China reports three bird flu cases

It’s good that they seem to be finally telling the truth. But why do they always have to start by lying? [Update: I’ll reserve judgement about whether anyone lied until I understand it better.]

China said Sunday it had asked for outside help to test three possible cases of bird flu in people, while scientists and government representatives prepared for a strategy session in Geneva amid fears of a possible worldwide flu pandemic among humans.

China said it asked the World Health Organization to help determine whether the virus caused the death of a 12-year-old girl and infected her 9-year-old brother and a 36-year-old middle school teacher in Wantang, a village in central Hunan province.

Chinese experts “cannot rule out the possibility of human transmission of H5N1 bird flu” in the cases of the three, who came down with pneumonia last month following a bird flu outbreak among poultry in their village, the official Xinhua News Agency reported.

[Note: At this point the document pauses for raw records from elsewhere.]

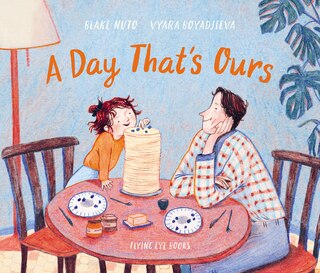 Couverture_A Day That's Ours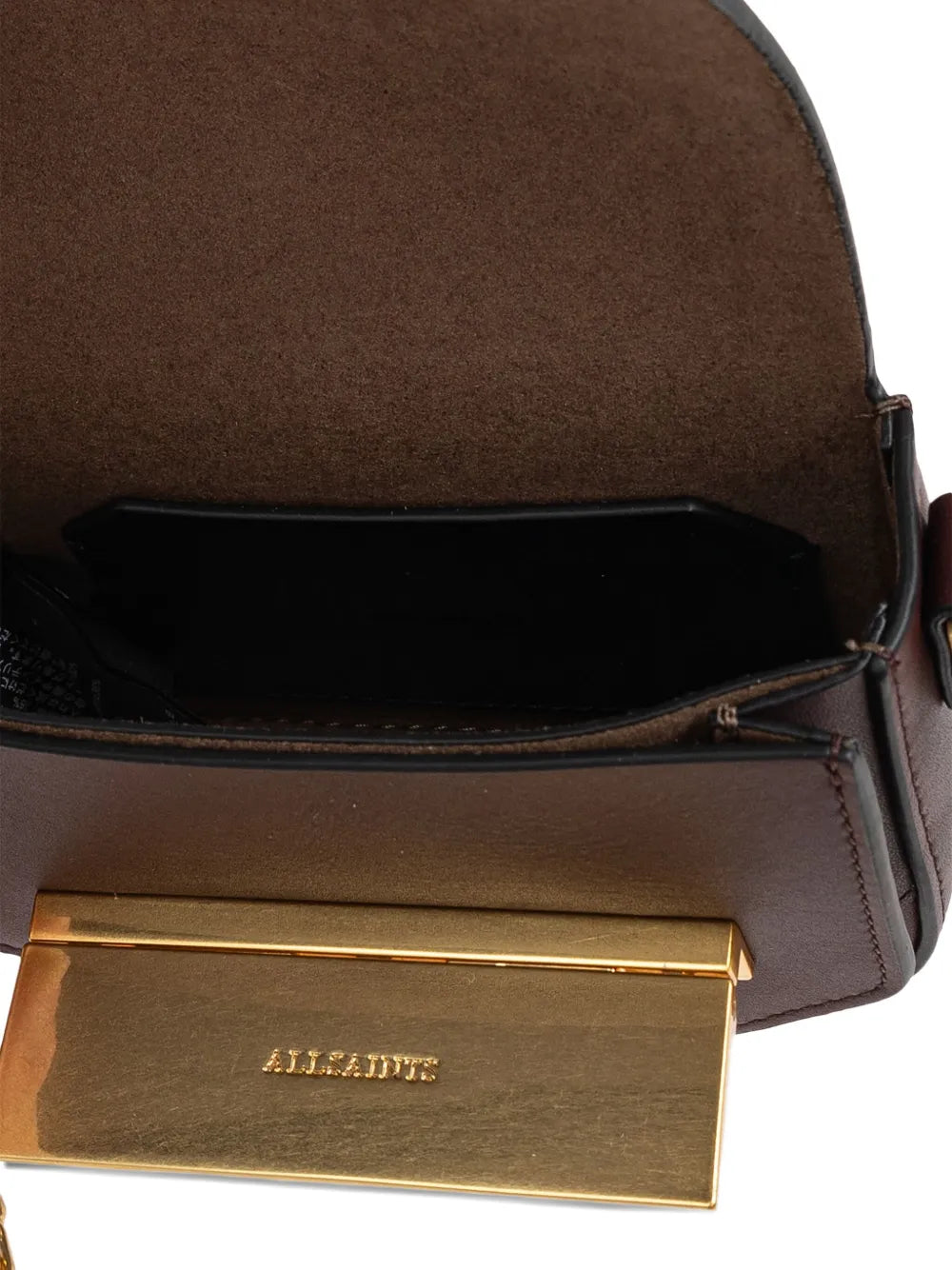 AllSaintsEtta mini bag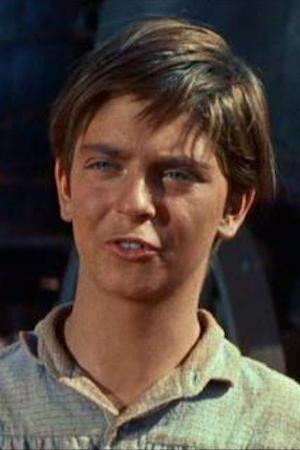 Photo of Tommy Rettig from the Latest Netflix gallery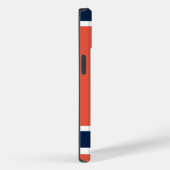 Hockey Moeder Jersey Nummer Hoestelcase Case-Mate iPhone Case (Achterkant / Rechts)
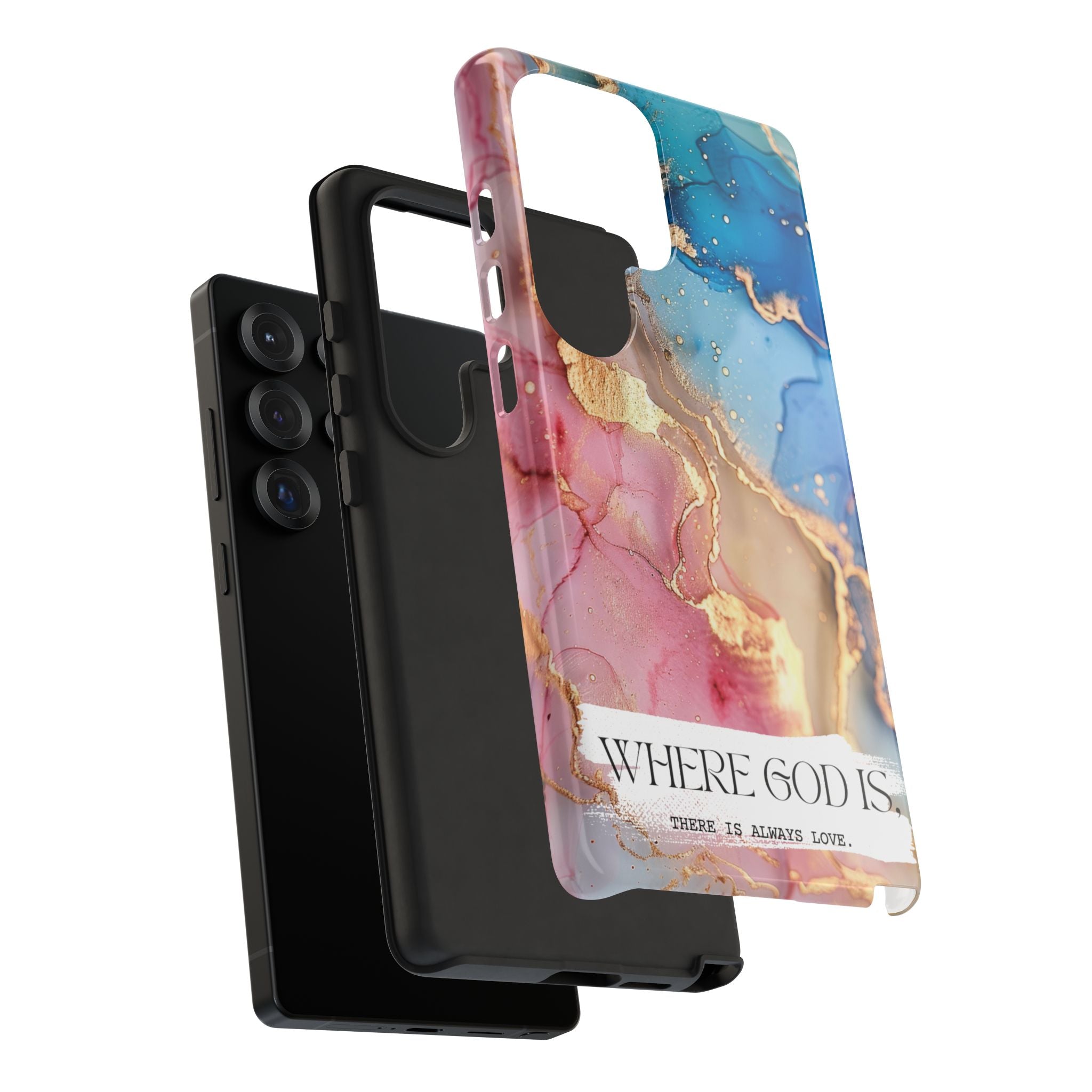 God is Love Non MagSafe Case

The girl’s brother and the teacher recovered. Chinese officials initially said the girl and her brother tested negative for the bird flu virus.

Still no deaths from bird flu in China despite 62 dead in neighboring countries. If only those neigbors could emulate China’s advanced infection containment capabilities.

The Discussion: 13 Comments

The authorities haven’t lied. They are actually doing the responsible thing, and asking for outside help to be 100% sure this wasn’t bird flu. That’s to be encouraged, not denigrated.

November 6, 2005 @ 7:27 pm | Comment

They’re now calling it an outbreak of pneumonia from “unknown causes”

November 6, 2005 @ 7:35 pm | Comment

Really? I thought the article said, “Chinese officials initially said the girl and her brother tested negative for the bird flu virus.” It doesn’t say that the government initially reported they were unsure of the test results. No, instead they reported they were tested and they had the results, which showed they tested negative. But now they are saying they tested positive. You can praise this all you want and say they should be “congratulated,” but I see it differently.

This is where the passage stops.